=== Begin Enclosure ===

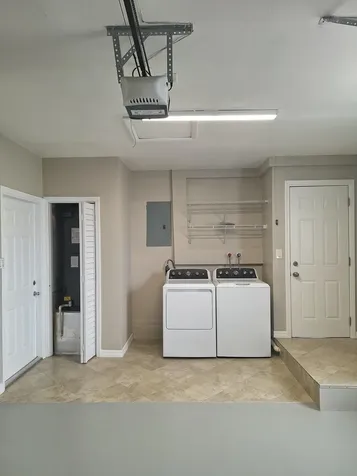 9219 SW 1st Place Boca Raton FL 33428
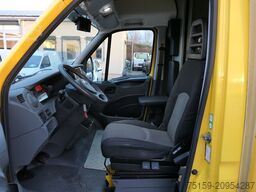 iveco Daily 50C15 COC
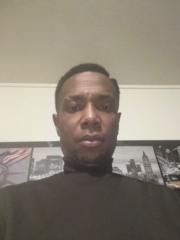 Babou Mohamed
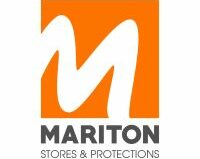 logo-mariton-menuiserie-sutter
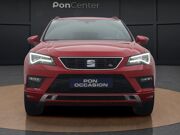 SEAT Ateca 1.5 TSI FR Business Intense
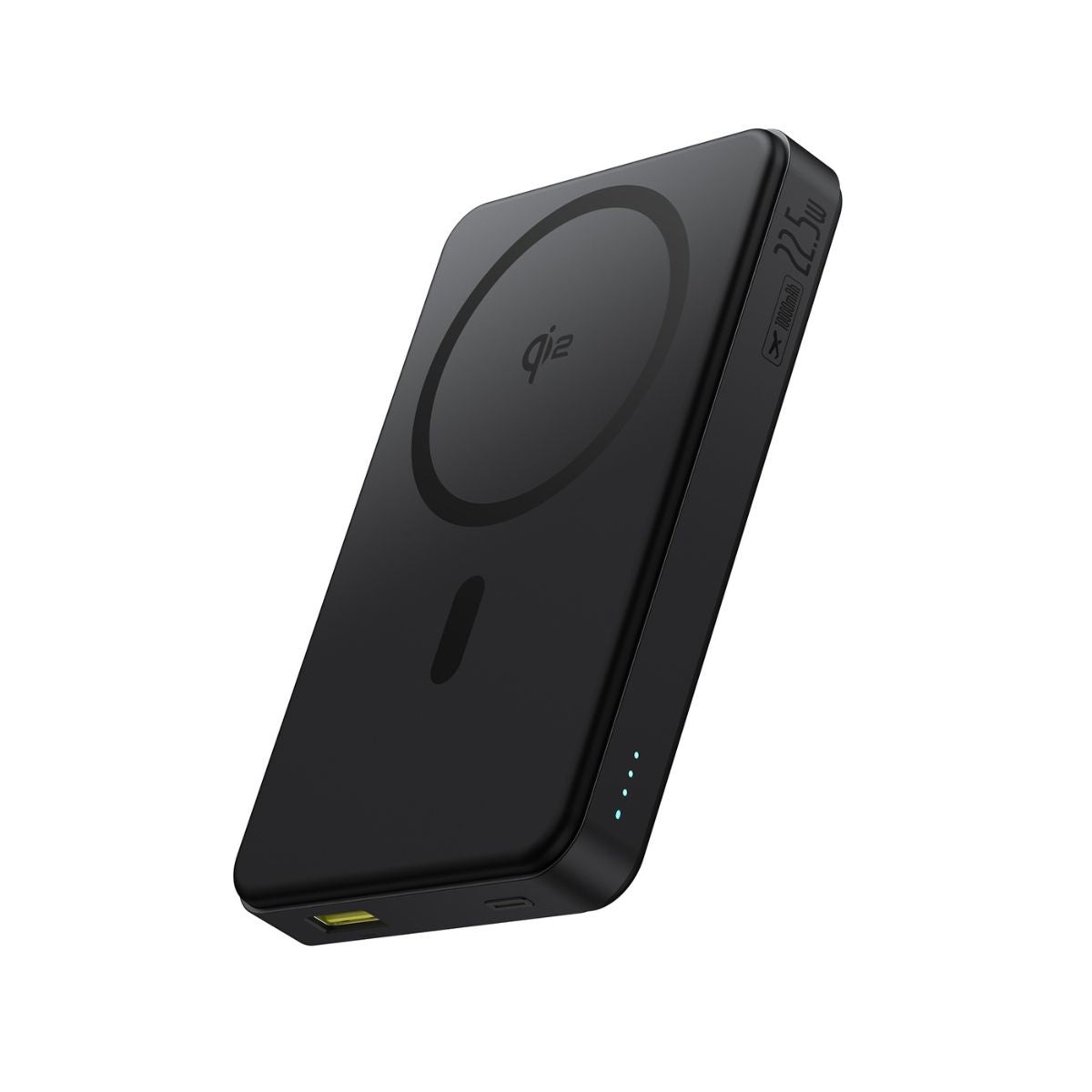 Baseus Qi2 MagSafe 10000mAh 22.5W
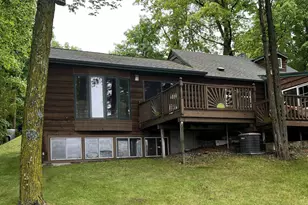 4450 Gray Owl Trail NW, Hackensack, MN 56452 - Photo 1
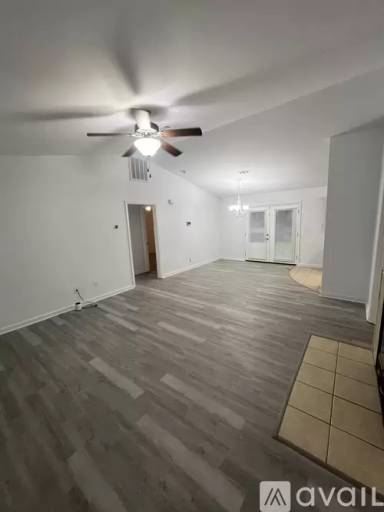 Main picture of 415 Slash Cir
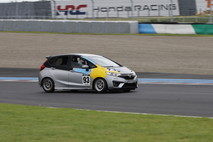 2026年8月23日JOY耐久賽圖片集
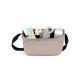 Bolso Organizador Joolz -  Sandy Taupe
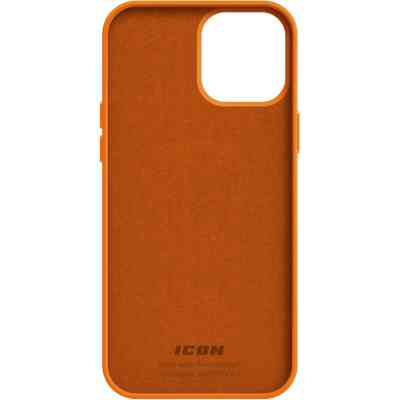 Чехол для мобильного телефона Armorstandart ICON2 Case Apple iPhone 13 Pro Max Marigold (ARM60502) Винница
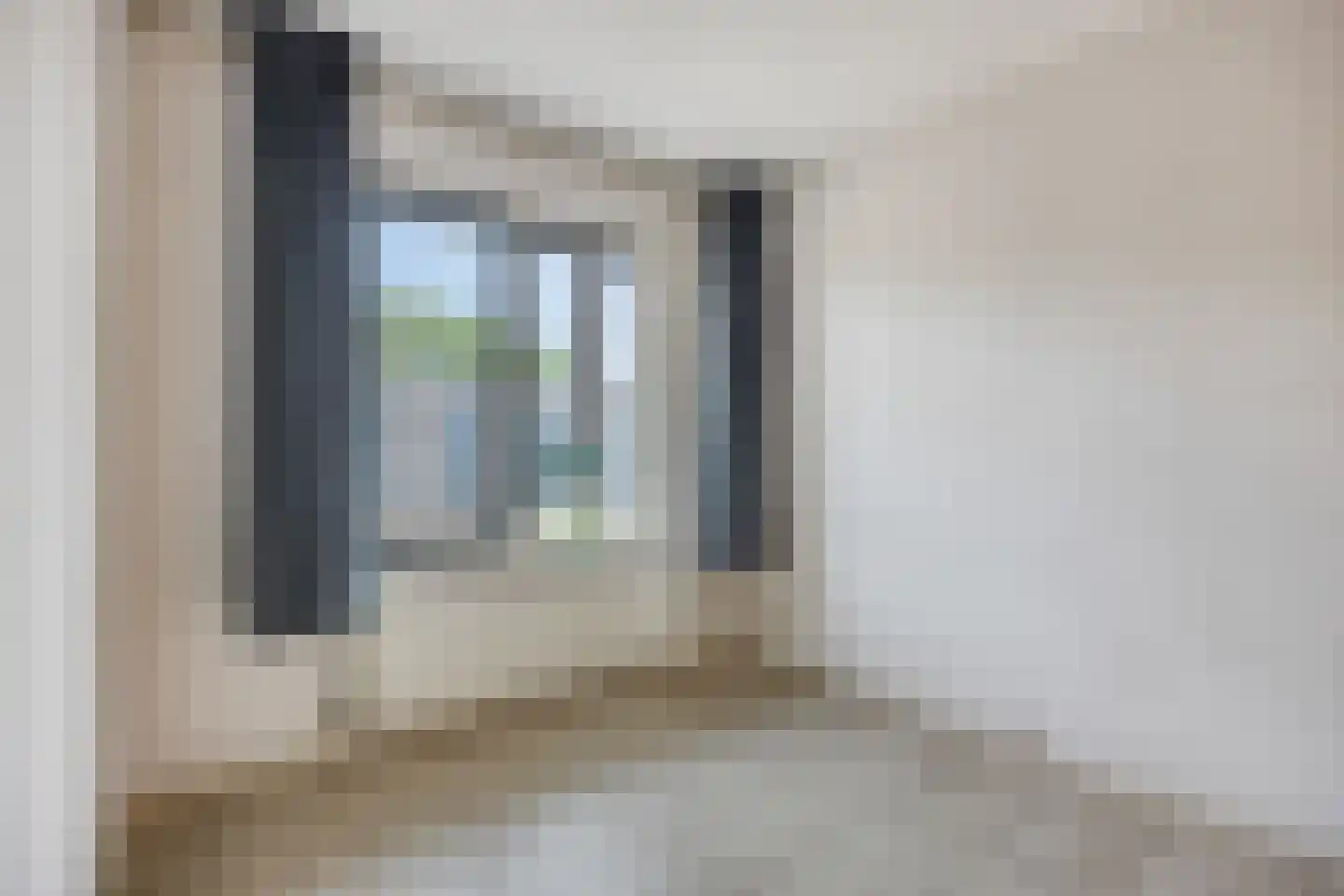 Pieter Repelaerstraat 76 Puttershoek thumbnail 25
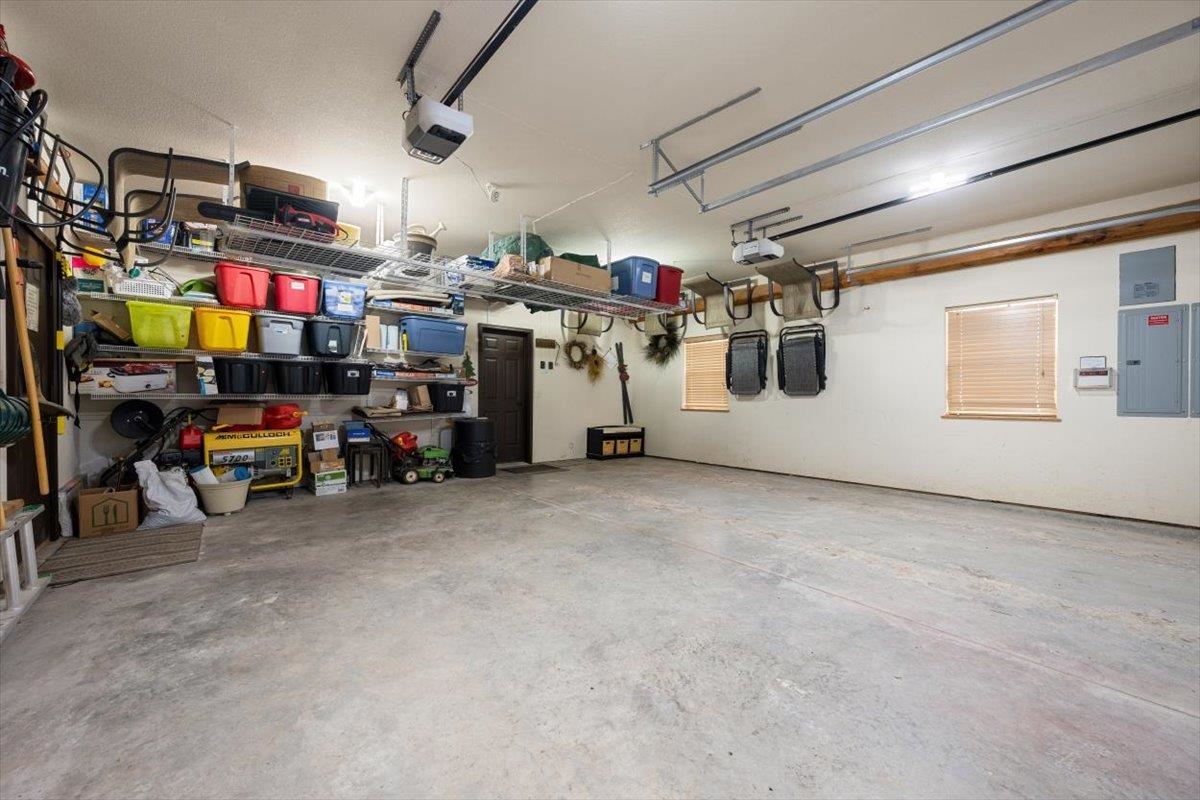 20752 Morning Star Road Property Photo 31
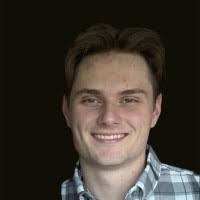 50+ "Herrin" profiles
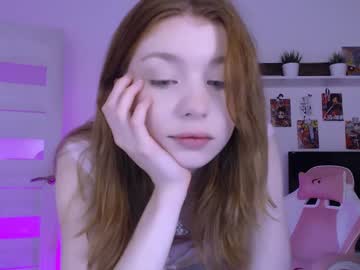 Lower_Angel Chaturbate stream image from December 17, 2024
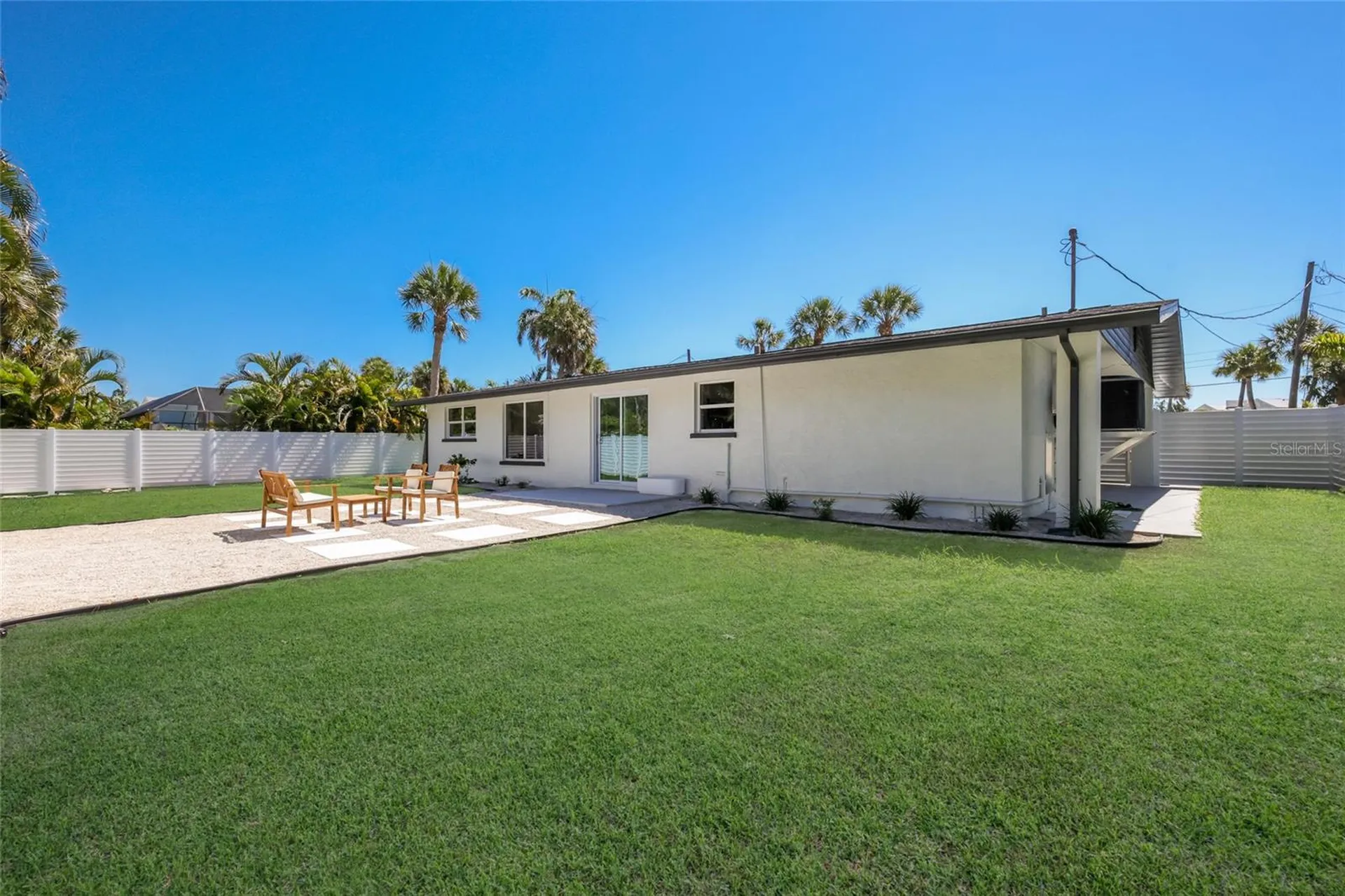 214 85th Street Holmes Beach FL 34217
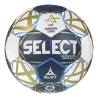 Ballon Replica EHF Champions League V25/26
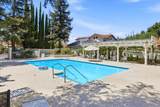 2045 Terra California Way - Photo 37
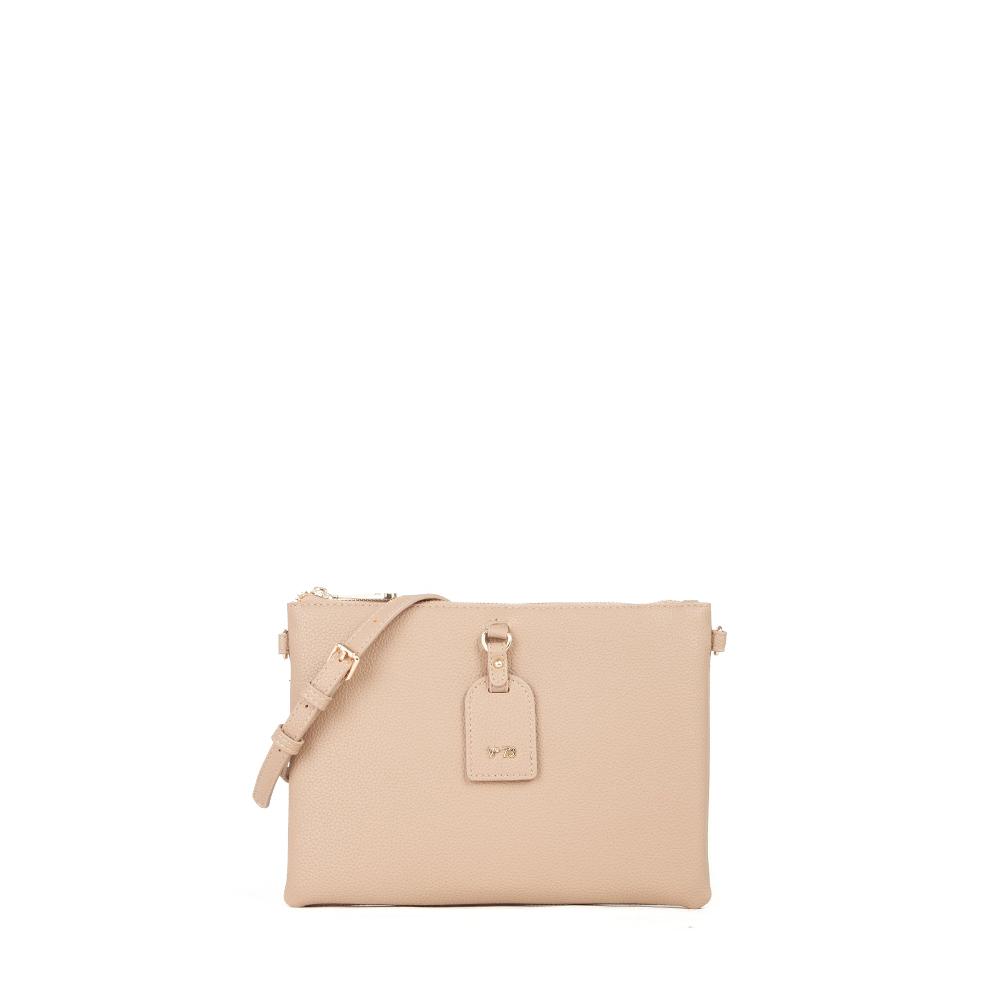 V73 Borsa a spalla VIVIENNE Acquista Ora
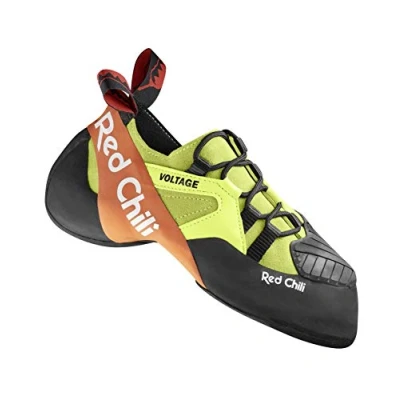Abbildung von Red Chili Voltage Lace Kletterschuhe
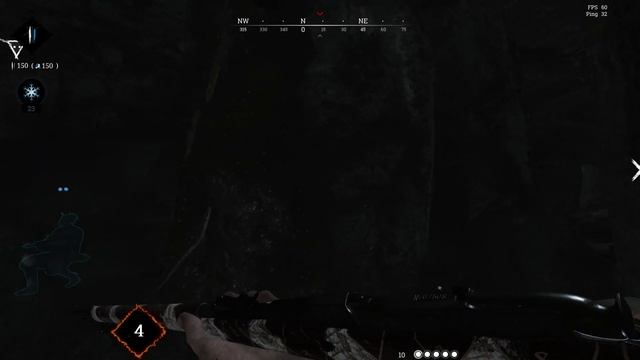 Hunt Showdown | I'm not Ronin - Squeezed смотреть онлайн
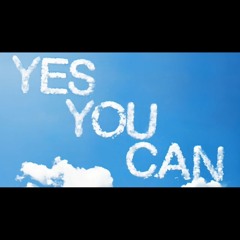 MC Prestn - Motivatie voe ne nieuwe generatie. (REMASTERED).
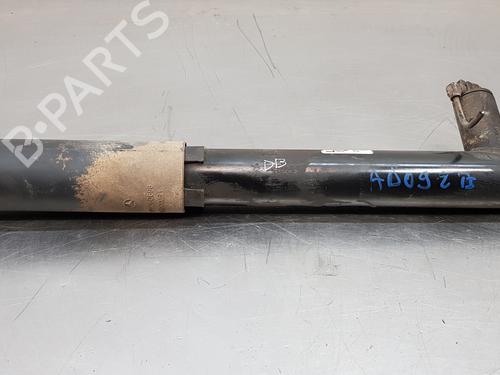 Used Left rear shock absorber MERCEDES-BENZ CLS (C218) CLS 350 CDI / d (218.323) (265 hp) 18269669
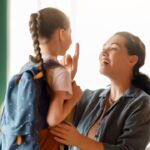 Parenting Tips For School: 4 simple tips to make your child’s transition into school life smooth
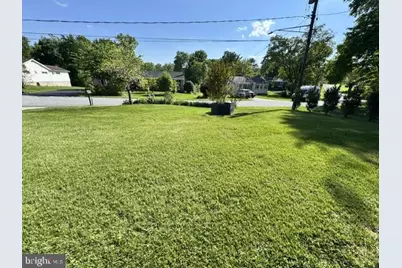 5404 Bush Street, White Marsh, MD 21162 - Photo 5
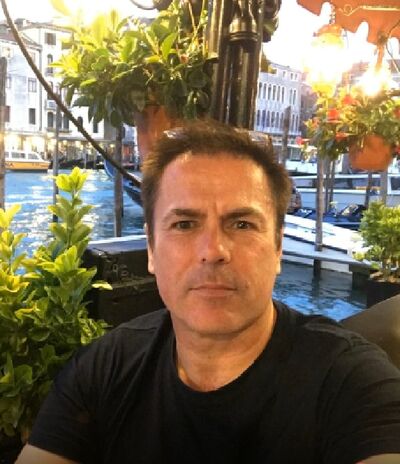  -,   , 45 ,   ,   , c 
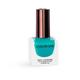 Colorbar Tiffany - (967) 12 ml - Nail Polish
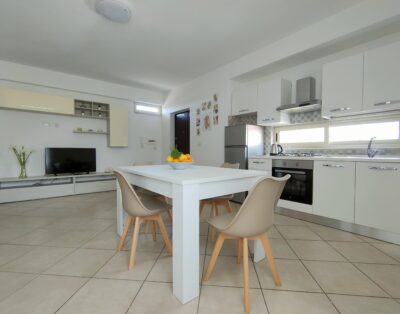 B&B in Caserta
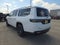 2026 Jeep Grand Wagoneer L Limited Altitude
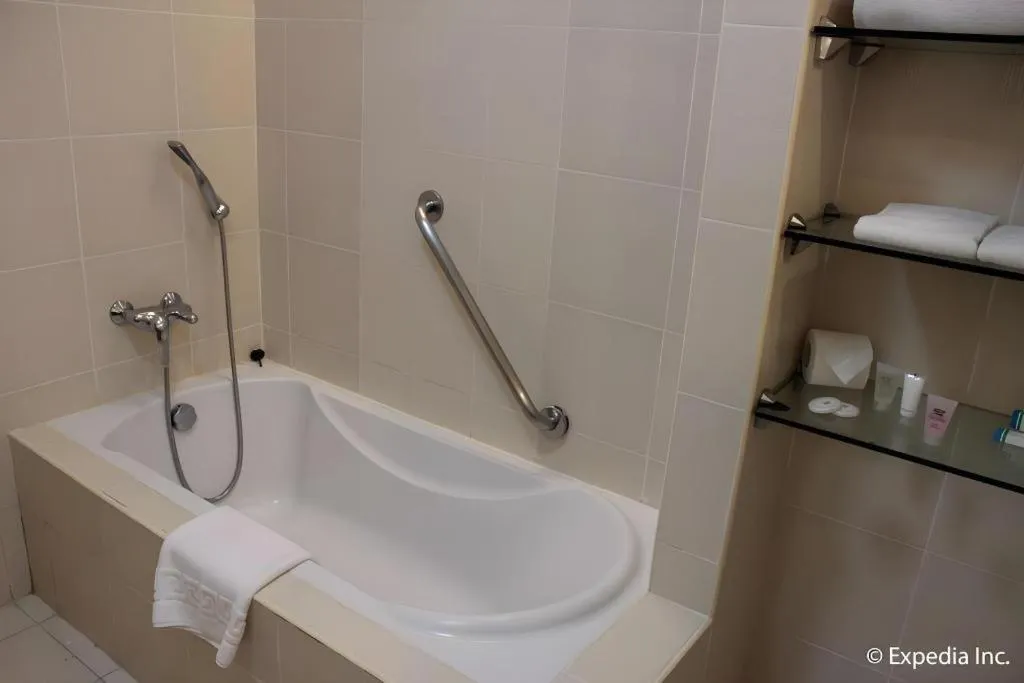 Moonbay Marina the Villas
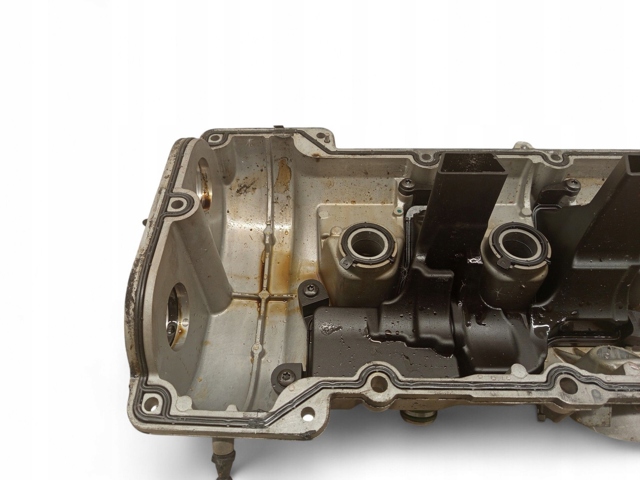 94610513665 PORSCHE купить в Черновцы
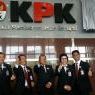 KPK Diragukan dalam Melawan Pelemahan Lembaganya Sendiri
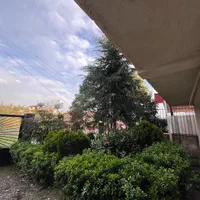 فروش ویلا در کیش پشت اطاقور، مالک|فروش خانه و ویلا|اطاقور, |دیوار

=== End Enclosure ===

**HOW TO COMPLETE THIS TASK**
Working from the line containing "20752 Morning Star Road Property Photo 31" to the last line of the data, retype every line exactly, both ends included, and leave out all pictures.

**TASK RESPONSE**
 20752 Morning Star Road Property Photo 31
 50+ "Herrin" profiles
 Lower_Angel Chaturbate stream image from December 17, 2024
 214 85th Street Holmes Beach FL 34217
 Ballon Replica EHF Champions League V25/26
 2045 Terra California Way - Photo 37
 V73 Borsa a spalla VIVIENNE Acquista Ora
Abbildung von Red Chili Voltage Lace Kletterschuhe
 Hunt Showdown | I'm not Ronin - Squeezed смотреть онлайн
 MC Prestn - Motivatie voe ne nieuwe generatie. (REMASTERED).
 Used Left rear shock absorber MERCEDES-BENZ CLS (C218) CLS 350 CDI / d (218.323) (265 hp) 18269669
 Parenting Tips For School: 4 simple tips to make your child’s transition into school life smooth
 5404 Bush Street, White Marsh, MD 21162 - Photo 5
  -,   , 45 ,   ,   , c 
 Colorbar Tiffany - (967) 12 ml - Nail Polish
 B&B in Caserta
 2026 Jeep Grand Wagoneer L Limited Altitude
 Moonbay Marina the Villas
 94610513665 PORSCHE купить в Черновцы
 KPK Diragukan dalam Melawan Pelemahan Lembaganya Sendiri
 فروش ویلا در کیش پشت اطاقور، مالک|فروش خانه و ویلا|اطاقور, |دیوار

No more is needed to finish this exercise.